= Provincial forest =

Type of government-owned land in Canada

A provincial forest is a type of government-owned land in Canada, controlled by one of Canada's ten provinces. Canada has about 400 million hectares of forest land which is publicly owned, and provinces and territories have jurisdiction over the vast majority of the country's forests. The provincial forests are managed under provincial laws, regulations and policies, which can vary by province.

== Provincial control of forest lands ==

The largest class of landowners in Canada are the provincial governments, who hold all unclaimed land in their jurisdiction in the name of the Crown (Crown Lands). Over 90% of the sprawling boreal forest of Canada is provincial Crown land. Provincial lands account for 60% of the area of the province of Alberta, 94% of the land in British Columbia, 95% of Newfoundland and Labrador, and 48% of New Brunswick.

== Provincial forest lands by province ==
=== Alberta ===
The provincial forest lands in Alberta includes the Rocky Mountains Forest Reserve, which was designated in 1948 to conserve forests and protect water supplies in the province's eastern slopes.

=== Ontario ===

Ontario's forests cover more than 70 million hectares, of which 50 million hectares are public forests. Most of the land in Ontario are Crown Lands, representing 87% of the province. Crown forests in Ontario are managed under the Crown Forest Sustainability Act.

=== Quebec ===
In the province of Quebec, most forest land is public owned and more than 50% of the territory is covered by forests. Quebec has about 906,000 square kilometres of forest land which is 92% of its public land.

=== Manitoba ===

The province of Manitoba has 15 provincial forests which total to almost 22,000 square kilometres.

=== British Columbia ===
In British Columbia, 94% of the province is designated as Crown lands, allowing the province to manage most forest resources on public land.
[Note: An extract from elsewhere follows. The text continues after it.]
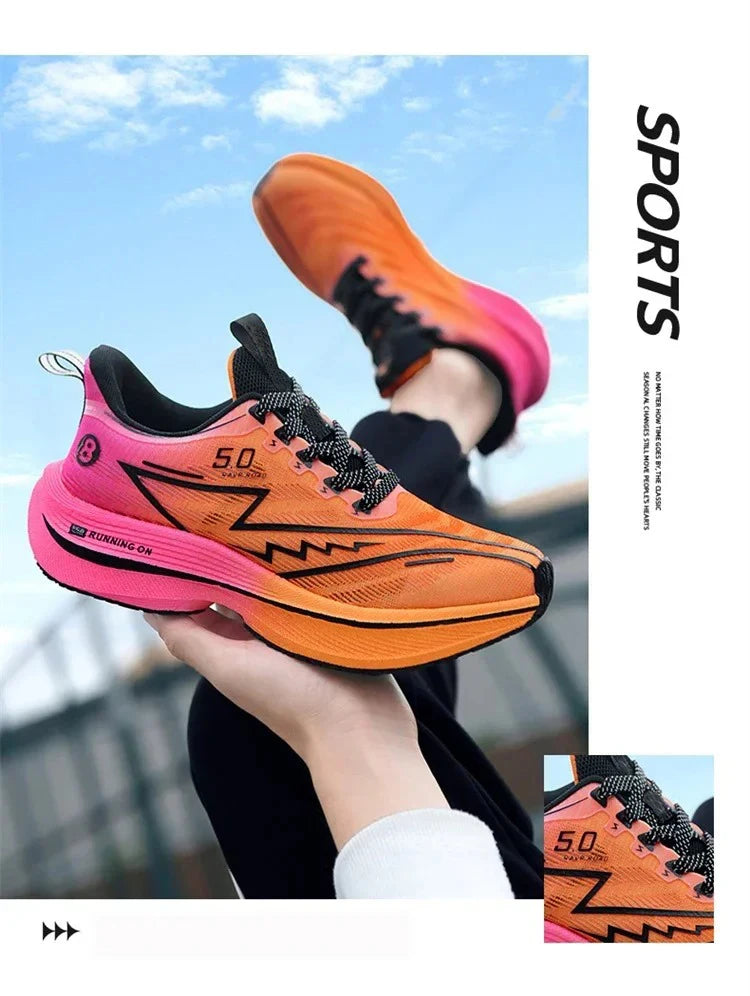 Men’s high-performance running sneakers with lightweight carbon structure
The forest stewardship in the province is based on sustainable forest management practices and related provincial oversight systems.

=== Saskatchewan ===

In Saskatchewan, provincial forests are designated Crown resource lands which are more than 343,000 square kilometres. Management of these lands is guided by 20-year forest management plans implemented by the ministry oversight and public reporting requirements.